Of course, these men had almost certainly undergone the prescribed series of examinations, and they had already known the horror of being declared unclean. Furthermore, since Luke reports that it was only "as they went" that "they were made clean," there was no obvious reason for going -- apart from Jesus' instruction to do so, that is. At first glance, therefore, they could only have surmised that a trip to the priest would just yield the same, terrible verdict as before. In this respect, their obedience recalls the episode in which the disciples cast their nets into the sea again at Jesus' command, even though their immediately prior experience suggested that the effort would be futile (Luke 5:4-5).
Jesus' adherence to the Levitical law is interesting. The Pharisees' constant haranguing of Jesus for one thing or another might leave us with the impression that Jesus was casual about the Old Testament law. His words tell us quite the opposite (Matthew 5:17-19); yet we may let the Pharisees' critique color our impression of him. Still, the one who was determined to "fulfill all righteousness" (Matthew 3:15) instructed these lepers to go and show themselves to the priests, according to the requirements of the law.
Was such an exercise of legalism necessary for their healing? Couldn't Jesus have healed these men apart from the examination of the priests? Certainly. Indeed, the story indicates that they were healed long before arriving in the priests' presence. But Jesus was the living fulfillment of the law. Of course, these erstwhile outcasts could not be welcomed back into ordinary society apart from receiving, literally, a clean bill of health from the priests.
Finally, we observe the interesting timing of the healing. It occurs neither when the men have their contact with Jesus, nor when they meet with the priests. Rather, it occurs "as they went," which may be a sermon in itself. When it happened, one of the ten returned to Jesus to thank him.
Both Luke and Jesus take pains to note that this lone expression of gratitude came from a non-Jew.

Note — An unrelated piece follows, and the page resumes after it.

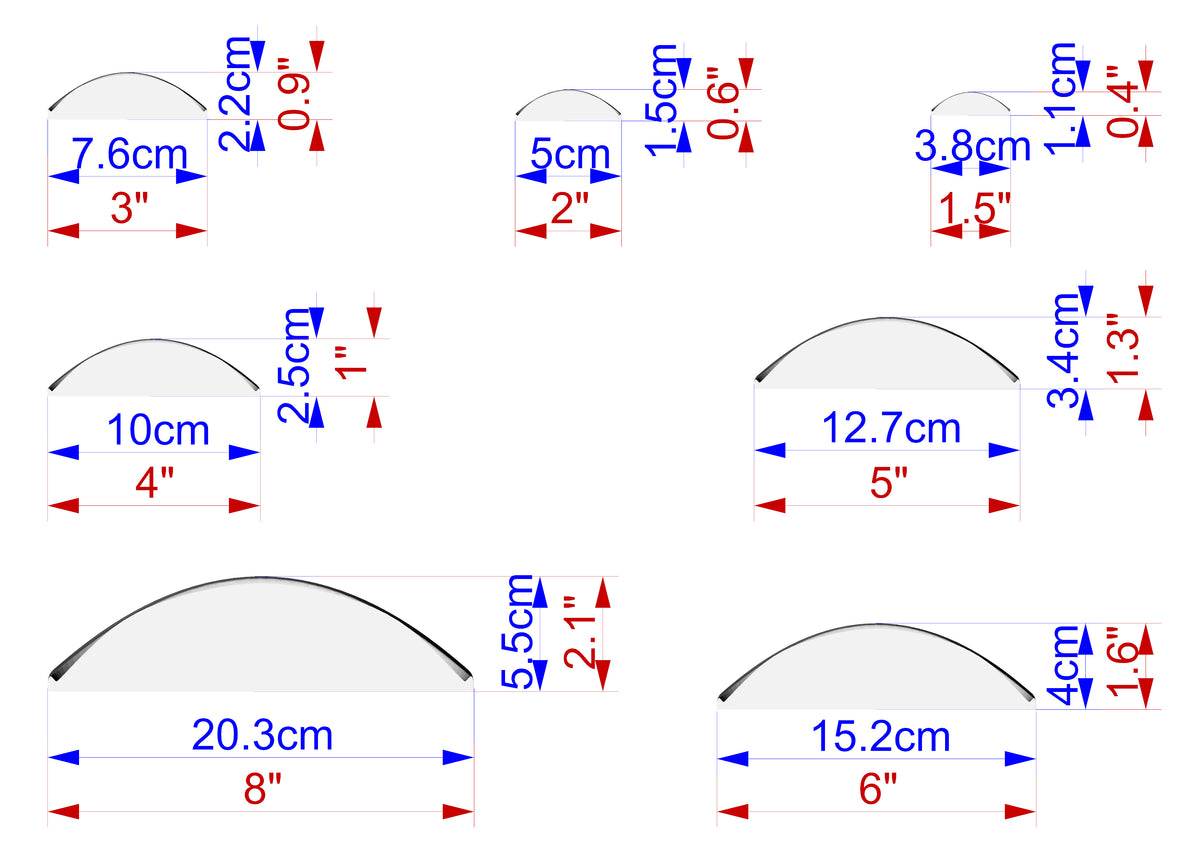 a series of seven different measurements of a curved object, ranging from 7.6cm to 3.8cm in diameter. The measurements are displayed in both centimeters and inches, providing a comprehensive view of the object's size.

Jesus calls him a foreigner, and Luke specifically identifies him as a Samaritan. We are reminded, in this regard, that the two people whom Jesus identified as having great faith were also foreigners (Matthew 8:5-11; 15:21-28). We recall that the one Israelite in the book of Jonah (i.e., Jonah himself) is the most disappointing character, while both the pagan sailors and the foreign Ninevites were exemplary in their response to God. What a shame when God's own people are the ones who are least responsive to him!
Application
We considered above the emotional challenge that was posed to the Jewish recipients of Jeremiah's instructions from God. They were told to make themselves at home in the land of their exile, to live happily ever after in enemy territory, and to pray for the welfare of their conquerors. It all seems quite impossible.
It also seems quite far removed from us. Even though it may be an interesting exercise to try to climb into their shoes and imagine their experiences and emotions, what does their circumstance have to do with us, so many thousands of miles and years removed?
Just this: You and I live in enemy territory, too.
The issue for us is no longer a matter of nations. I am not suggesting that the nation in which we live is our enemy. Rather, I am recognizing that the world in which we live is antagonistic to God and it is the domain of his enemy.
All the kingdom talk of the New Testament -- combined with our own observation that this world does not reflect the perfect reign of God -- tells us that earth is occupied territory. It was created by God, to be sure, but the kingdoms of the world have become the property of God's enemy; hence they are his to offer (see Matthew 4:8-9). Peter says that we are "aliens and strangers in the world" (1 Peter 1:1; 2:11), and Jesus was candid with his disciples that the world would hate them because they do not belong to it (John 15:18-19).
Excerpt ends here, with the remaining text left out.